Facebook last week announced a change to the way that it displays ads to users of Facebook on desktop machines. The idea is to be able to show ads to users who are using ad-blocking software, a group that is growing larger by the day.
As we offer people more powerful controls, we’ll also begin showing ads on Facebook desktop for people who currently use ad blocking software,” Andrew Bosworth, vice president of the ads and business platform at Facebook, said.
Members of the Adblock Plus community countered right away, releasing a filter that defeats the change Facebook made. Facebook likely will make its own counter move soon, but researchers at Princeton University’s Center for Information Technology Policy said that Facebook is facing some difficult technical and legal challenges as it goes down this road.

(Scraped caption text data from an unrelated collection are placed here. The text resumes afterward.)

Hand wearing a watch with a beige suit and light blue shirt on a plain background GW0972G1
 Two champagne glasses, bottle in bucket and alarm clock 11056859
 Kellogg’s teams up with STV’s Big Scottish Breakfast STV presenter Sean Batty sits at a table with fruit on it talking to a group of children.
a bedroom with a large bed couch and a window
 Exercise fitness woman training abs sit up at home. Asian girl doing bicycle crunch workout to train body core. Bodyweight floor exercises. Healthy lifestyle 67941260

The big technical problem is that in order to accomplish its goal of displaying ads to users, Facebook has to expose code to users’ browsers that shows the differences between normal posts and ads.
“Facebook engineers could try harder to obfuscate the differences. For example, they could use non-human-readable element IDs to make it harder to figure out what’s going on, or even randomize the IDs on every page load. We’re surprised they’re not already doing this, given the grandiose announcement of the company’s intent to bypass ad blockers,” Arvind Narayanan and Grant Storey of the CITP wrote in a post analyzing the situation.
“The whole ‘unblockable ads’ PR push seems likely to be a big bluff.”
“But there’s a limit to what Facebook can do. Ultimately, Facebook’s human users have to be able to tell ads apart, because failure to clearly distinguish ads from regular posts would run headlong into the Federal Trade Commission’s rules against misleading advertising — rules that the commission enforces vigorously.”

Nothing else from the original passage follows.